By Mark Edward Nero
Anchorage-based natural gas and oil production company Furie Operating Alaska LLC has agreed to pay a record $10 million to satisfy a civil penalty originally assessed against it by US Customs and Border Protection for violating the Jones Act, the Department of Justice has announced.
According to the acting US Attorney for the District of Alaska, Furie was penalized when it transported the Spartan 151 jack-up drill rig from the Gulf of Mexico to Alaska in 2011 using a foreign flagged vessel without acquiring a waiver of the Jones Act from the Secretary of Homeland Security.
The settlement, which was announced April 4, resolves a civil lawsuit filed by Furie in 2012 challenging the assessment of the civil penalty.

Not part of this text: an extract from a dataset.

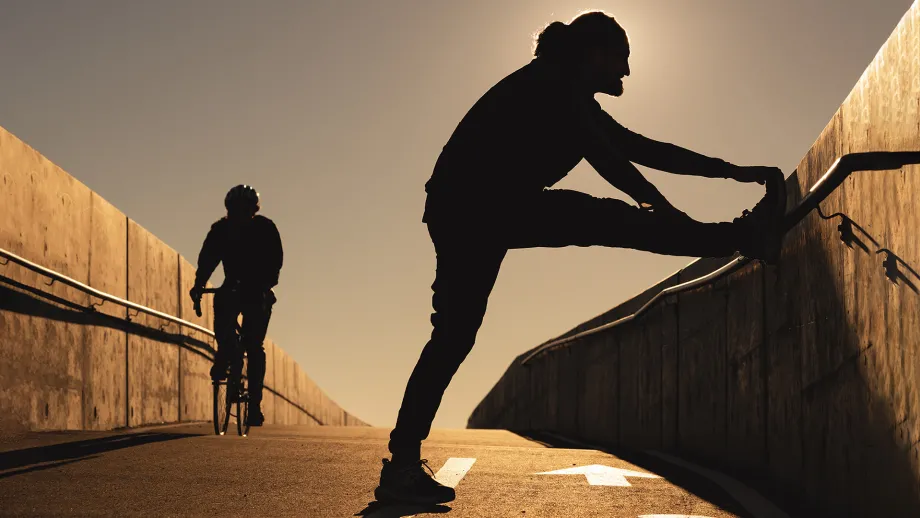 Silhouettes of a jogger stretching and a cyclist.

The Jones Act, passed in 1920, prohibits a foreign vessel from transporting merchandise between points in the United States. A violation may result in the assessment of a civil penalty equal to the value of the merchandise. Waivers can be obtained from the Secretary of the Department of Homeland Security in limited circumstances, specifically when it is in the interest of national defense, following a determination that there is no US vessel available to engage in the transport.
“Resolution of this case demonstrates that the Jones Act will be actively enforced and that an intentional violation will not be rewarded,” the Department of Justice said in a statement.